Lady Blue was founded in 1991 as an all-female a cappella group with a name inspired by Billie Holiday’s song “Lady Sings the Blues”. One of Lady Blue’s founders, Angela Hutcheson, describes the group on their website as “great at empowering people – not to create people in any particular mold, but let them express themselves.” Lady Blue performs on and off campus in addition to recording their own music. Captain Ilana Segal (Trinity ‘24) told The Chronicle that a fun fact about the group is that they don matching Duke Blue shoes for performances. Their theme song is “Faith” by George Michael, passed down as an oral tradition to each generation of Lady Blue. Segal emphasized how close the Lady Blue community is, and how she is eternally grateful for meeting some of her best friends through the group.
Out of the Blue
Out of the Blue, founded in 1980, is Duke’s oldest all-female a cappella group. Music director Eliza Heaton (Trinity ‘24), described the Out of the Blue community as “everlasting”, saying that the “family that is fostered [with OOTB] never fades away.” One example of this strong community is their tradition of presenting scrapbooks to seniors in the Duke Gardens in the spring, which is one of the many ways they show their appreciation for one another according to Eliza. OOTB releases an album every 2-4 years.

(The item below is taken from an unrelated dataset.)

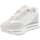 Schuhe Damen Sneaker Solo Soprani SCW513 Grau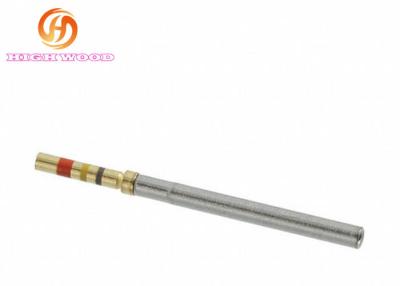 China M39029/56-348 Pin femenino del poder 5.0A del conector 0.76m m en venta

Pitchforks is an all-male a cappella group founded in 1979, making it the oldest a cappella group at Duke. An early member of the group is the first faculty in residence of Duke and mentor to principal players of symphonies across America, Professor Benjamin F. Ward, who directed and performed with The Pitchforks starting in 1981. Pitchforks President Ahan Kaul (Pratt ‘24) said one of his favorite Pitchforks traditions is their Christmas showcase with Out of the Blue at the Gothic Reading Room, typically one of the most silent spots on campus.
Something Borrowed Something Blue
Something Borrowed Something Blue is Duke’s first and only Christian a cappella group, originally founded in 1969 as a Christian folk band, but adopting their current name in 1993. SBSB’s music focuses on communicating their love of God and of music. Their website explains how they “blend fun, service, and music, allowing us to grow as followers of Christ and as a family of friends.” The group’s name is in reference to the famous wedding rhyme, signifying how the group is “the beloved bride of Christ” as their site describes. The group performs at events such as their Oct. 23, 2022 concert with United in Praise, a gospel choir and praise dance ministry at the Duke Chapel.
Speak of the Devil
Speak of the Devil is an all-male acappella group founded in 1991 by Preston Kim (Trinity ‘93) and Walter Moore (Trinity ‘93). Covering everything from hip-hop to country to classic rock, Speak of the Devil performs at Duke and in Durham in addition to other colleges and universities throughout the country.
Rhythm & Blue
A coed a cappella group founded in 1992, Rhythm and Blue is the only team at Duke that has ever attended the ICCAs, the International Championship of Collegiate A Cappella. First-year Pallavi Bhargava (Trinity ‘27), joined to continue to pursue acappella at “the only [Duke] acappella group that competes at the famous ICCAs” and to find a rewarding and welcoming environment.
Temptasians is a coed a cappella group founded in 2001 “to share Asian culture through music.” The group performs at annual showcases such as Duke’s Lunar New Year and Duke ASA’s Converge, an event where different Asian and Asian American communities come together to celebrate and share their culture and lived experiences. Temptasian Social Chair and sophomore Steven Peng (Trinity ‘26) described the group’s community as both laid back and “a mixture of very strong, unique personalities that share a love for Asian [and], Asian-American music and culture” over email and was drawn to the group because of the unique way he could express himself musically.